Parameters of transcranial direct current stimulation in the included studies
The mode of tDCS application was determined by arrangement of the position and polarity of the electrodes over ipsilesional or/and contralesional side of brain. In the included studies, nine studies used anodal tDCS and one study used cathodal tDCS, while three studies used dual-hemispheric stimulation by putting anode on ipsilesional and cathode on contralesional side of brain. The placement of electrode in anodal mode was to place the anode overlying the motor cortex of the leg area which centered on a short distance lateral to Cz or on C3/C4. The reference electrode was put on the contralateral supraorbital region near Fp1/Fp2 in most of the studies.

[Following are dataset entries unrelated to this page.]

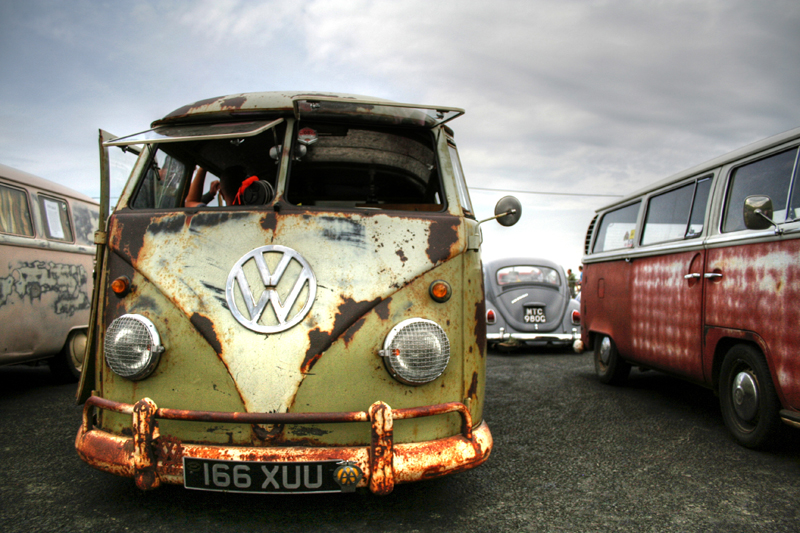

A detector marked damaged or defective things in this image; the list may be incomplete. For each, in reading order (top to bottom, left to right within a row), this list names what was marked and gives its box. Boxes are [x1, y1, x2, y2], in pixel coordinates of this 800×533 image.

rusty vw microbus [0, 162, 97, 378]
rusty vw microbus [78, 89, 520, 492]
rusted door panel [632, 251, 708, 380]
rusty vw microbus [580, 127, 800, 446]
rusted door panel [708, 239, 800, 410]
corroded bumper [76, 394, 488, 494]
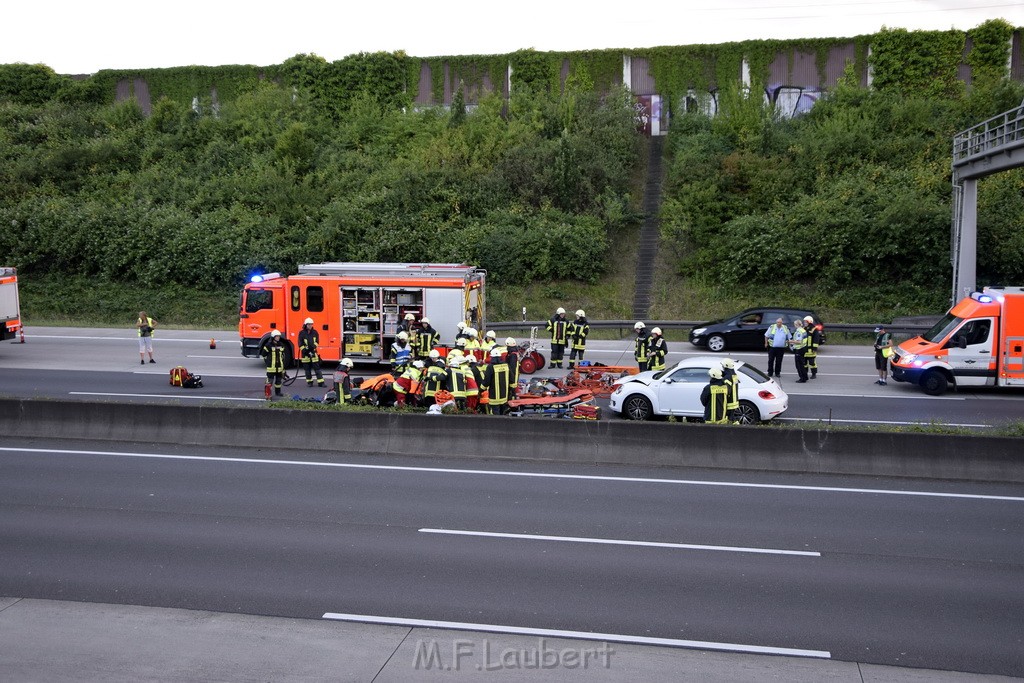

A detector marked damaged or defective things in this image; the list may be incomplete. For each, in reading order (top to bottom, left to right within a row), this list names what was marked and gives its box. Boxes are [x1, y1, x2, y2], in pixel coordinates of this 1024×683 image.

white damaged car [610, 356, 786, 423]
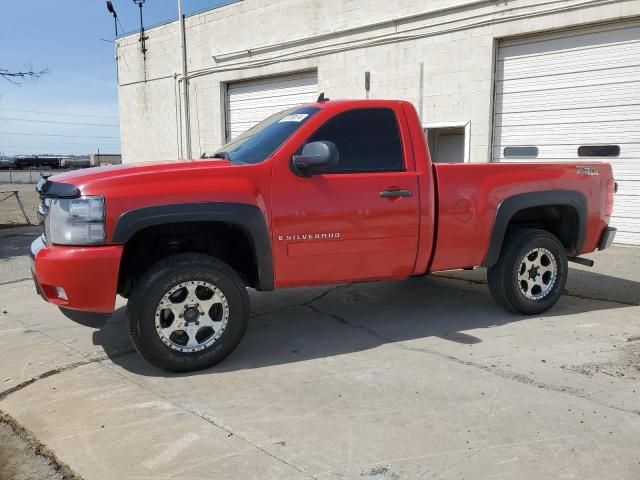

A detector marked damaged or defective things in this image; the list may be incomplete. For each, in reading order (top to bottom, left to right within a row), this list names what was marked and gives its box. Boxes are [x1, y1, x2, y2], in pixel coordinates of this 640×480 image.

crack in concrete [0, 348, 136, 402]
crack in concrete [304, 298, 640, 418]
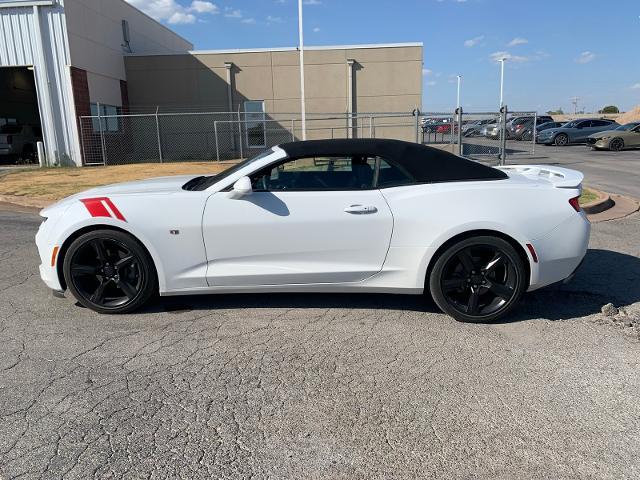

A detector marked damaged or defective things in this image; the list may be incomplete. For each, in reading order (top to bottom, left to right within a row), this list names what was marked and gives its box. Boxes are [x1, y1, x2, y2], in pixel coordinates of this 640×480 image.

cracked asphalt pavement [0, 207, 636, 480]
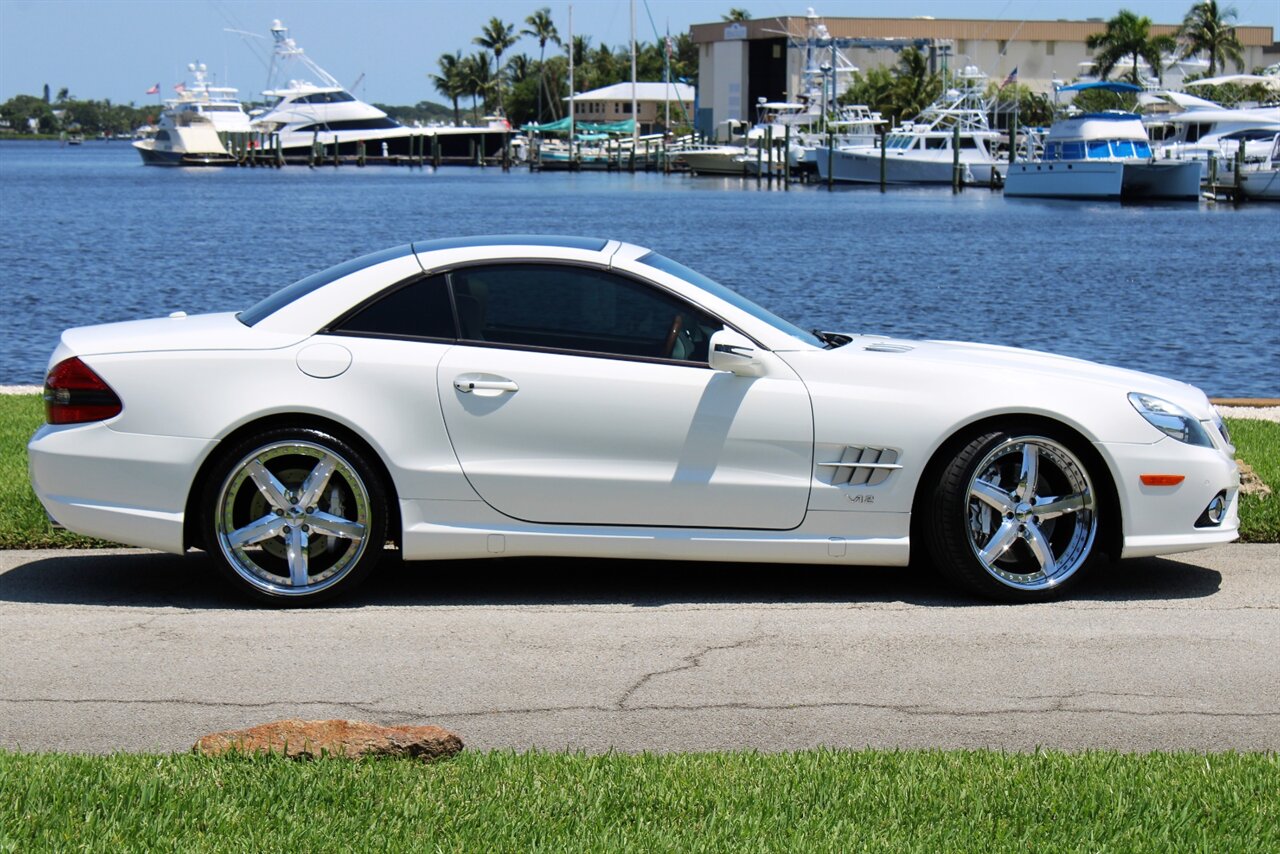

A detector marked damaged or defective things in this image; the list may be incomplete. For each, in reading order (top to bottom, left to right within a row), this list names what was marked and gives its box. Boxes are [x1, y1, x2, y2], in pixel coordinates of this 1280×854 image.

cracked pavement [0, 545, 1274, 752]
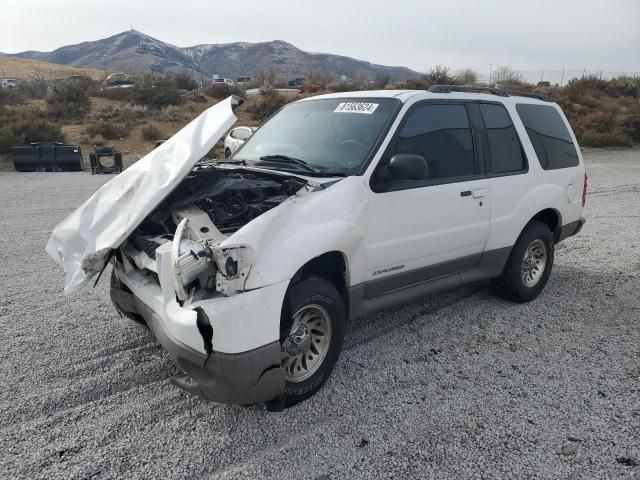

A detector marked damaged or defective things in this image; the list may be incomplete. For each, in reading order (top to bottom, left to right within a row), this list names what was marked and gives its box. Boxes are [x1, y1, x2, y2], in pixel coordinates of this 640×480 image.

crumpled hood [46, 96, 239, 294]
damaged front bumper [111, 260, 288, 406]
damaged white suv [48, 87, 584, 408]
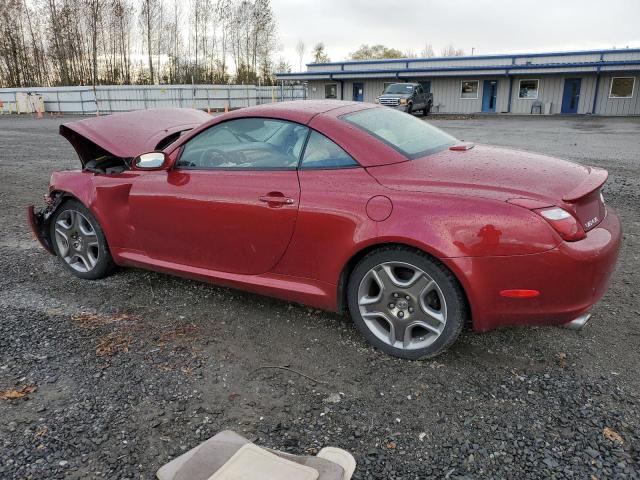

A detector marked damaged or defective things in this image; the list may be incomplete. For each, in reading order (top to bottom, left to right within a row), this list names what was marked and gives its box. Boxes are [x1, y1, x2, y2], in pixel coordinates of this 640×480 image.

crumpled hood [59, 107, 210, 165]
crumpled hood [368, 142, 596, 202]
front end collision damage [26, 191, 65, 255]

Among the included studies, nine used a current intensity of 2 mA, three used 1.5 mA, and two used 1 mA for treatment. As for the size of electrode, most of the trials used a 35 cm2 sponge electrode as an active electrode (Paulus et al., 2012). The current density of tDCS applications ranged from 0.029 to 0.08 mA/cm2 while 0.057 mA/cm2 was the most commonly used current density. Eight of the included studies did not provide the fade-in and fade-out settings of the tDCS. Other studies faded in and faded out the current gradually from 5 to 30 seconds. The parameters of tDCS application were listed in Table 3.
Table 3.
Study ID | UNI/DUAL | iH | cH | Anode | Cathode | Intensity (mA) | Size (cm2) | Duration (min) | Session | Current density (mA/cm2) | Fade-in/fade-out |
---|---|---|---|---|---|---|---|---|---|---|---|
Geroin et al. (2011) | UNI | A | – | (leg area)a | CSRa | 1.5 | 35 | 7 | 10 | 0.043 | NA |
Danzl et al. (2013) | UNI | A | – | Motor area (leg area) a | CSRa | 2 | A:25/C:35 | 20 | 12 | 0.08/0.057 | Fade in and out over first 75 seconds (sham tDCS) |
Cha et al. (2014) | UNI | A | – | PMC (C3 or C4) | Foreheada | 1 | 35 | 20 | 20 | 0.029 | NA |
Fusco et al. (2014) | UNI | – | C | Noncephalic sideb | PMC (C3’ or C4’) | 1.5 | 35 | 10 | 10 | 0.043 | Gradually increased and progressively reduced |
Tahtis et al. (2014) | DUAL | A | C | Bilateral MC over 5 mm lateral to Cz (leg area) | 2 | 25 | 15 | 1 | 0.08 | Fade in less than 30 seconds (sham tDCS) | |
Chang et al. (2015) | UNI | A | – | TA area of the PGa | CSRa | 2 | A:7.07 C:28.26 | 10 | 10 | 0.283/0.071 | NA |
Park et al. (2015) | UNI | A | – | Cz area of the left PL | Right upper orbita | 2 | – | 15 | 12 | – | NA |
Saeys et al. (2015) | DUAL | A | C | MC (C3 or C4) | 1.5 | 35 | 20 | 16 | 0.043 | Fade in for 5 seconds/Fade out last 5 seconds (both groups) | |
van Asseldonk and Boonstra (2016) | UNI | A | – | Hotspot of TA by TMSa | CSRa | 2 | 35 | 10 | 1 | 0.057 | Fade in for 30 seconds (sham tDCS) |
DUAL | A | C | Hotspot of TA shifted laterally 1 cma | 2 | 35 | 10 | 1 | 0.057 | |||
Leon et al. (2017) | UNI | A | – | Leg: vertex (Cz) | CSRa | 2 | 35 | 20 | 20 | 0.057 | NA |
Seo et al. (2017) | UNI | A | – | Lateral to Cz | CSRa | 2 | 35 | 20 | 10 | 0.057 | NA |
Klomjai et al. (2018) | DUAL | A | C | Bilateral PMC placed 5 mm lateral from vertex (Cz) | 2 | 35 | 20 | 1 | 0.057 | NA | |
Manji et al. (2018) | UNI | A | – | 3.5 cm anterior to Cz (SMA) | Iniona | 1 | 25 | 20 | 7 | 0.04 | NA |
Utarapichat and Kitisomprayoonkul (2018) | UNI | A | – | 1 cm posterior and lateral to Cz | CSRa | 2 | 10 | 10 | 1 | 0.2 | Fade in for 10 seconds/fade out for 10 seconds (both groups) |
A, anodal tDCS; C, cathodal tDCS; cH, contralesional hemisphere; CSR, contralateral supraorbital region; DUAL, dual-hemispheric tDCS; iH, ipsilesional hemisphere; MC, motor cortex; NA, not available; PG, precentral gyrus; PL, parietal lobe; PMC, primary motor cortex; SMA, supplementary motor area; TA, tibialis anterior; TMS, transcranial magnetic stimulation; UNI, uni-hemispheric tDCS.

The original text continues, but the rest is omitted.